まもなく大学へ到着するという時、リチャードが息をしていないことに気付いた。緊急事態に戸惑うハリーは、薬を飲もうとしたが自分がピンボケになっていると思い込む。クッキーの付き添いのおかげで表彰式へ向かうことができたハリー。新作の小説の話をしながら、再び物語の中に身を投じてしまった。そこは、地獄の底。フェイと結婚するラリーが待っている。「人生を楽しめ」というラリーの言葉と同時に「誘拐犯」と叫ぶジェーンの声でハリーは現実に引き戻されるのだった。

表彰式を目前に逮捕されてしまったハリー。家族やこれまで関わった女性からも見放され、妄想の中でリチャードを責めるハリーを唯一迎えに来てくれた人がいた。それはフェイとラリーである。結婚式を投げ出してまで来てくれた二人に感謝するハリー。

一人、帰宅するとこれまで書いた物語の登場人物たちが叶わなかった表彰式を開こうと集まっていた。数か月ぶりに幸せな夢を見たハリーは、スランプから抜け出し非現実で人生に適応できない男が小説に救われ成功する話を書き始めるのだった。

映画『地球は女で回ってる』の感想・評価・レビュー

現実と虚構を交差しながら、過去の失態を振り返っていくハリー。
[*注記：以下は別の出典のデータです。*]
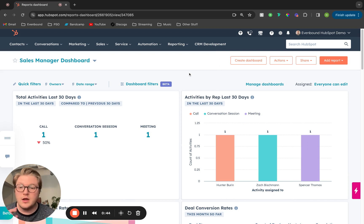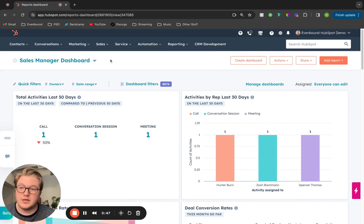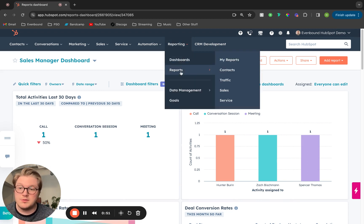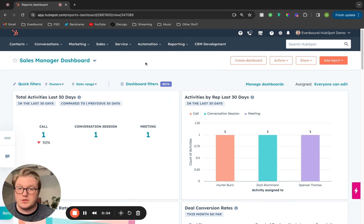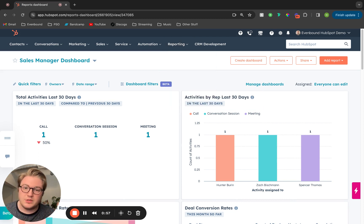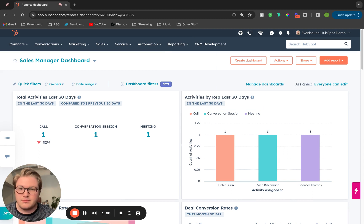As we can see here, in our demo portal I'm on our sales manager dashboard. This dashboard holds multiple different reports. So when you are building out reporting in HubSpot, make sure to build out the dashboard first, and then add the reports to it.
まさに「DECONSTRUCTING」。自身を解体していく物語であった。

皮肉と愛情が入り混じった捻じれたセリフが飛び交いリズムを作っていくが、ユーモアはもちろん忘れないのがウディ・アレン。終始ピンボケのロビン・ウィリアムズという名優の贅沢使いを筆頭に、ツッコミどころしかない展開が続く。独自のワールドが繰り広げられるため、苦手な人もいるであろうが少しウェットな笑いが好きな方とウディ・アレン入門編として薦めてみたい。(MIHOシネマ編集部)


ウディ・アレン監督が作る、ウディ・アレン主演の作品はかなりクセが強くて好き嫌いが結構分かれますよね。個人的には、彼の作品は彼が出ていない方が好きなんです。彼が出ていると一言で言ってしまえば「よく分からない」ストーリーになってしまうのでウディ・アレンらしさが好きな人にしか受け入れられないと思うんです。
今作はまさに彼らしさが全開で、自分の好きなこと、得意なことを俳優陣にシェアして観客に見せつけるような「自己満足」の塊だったと思います。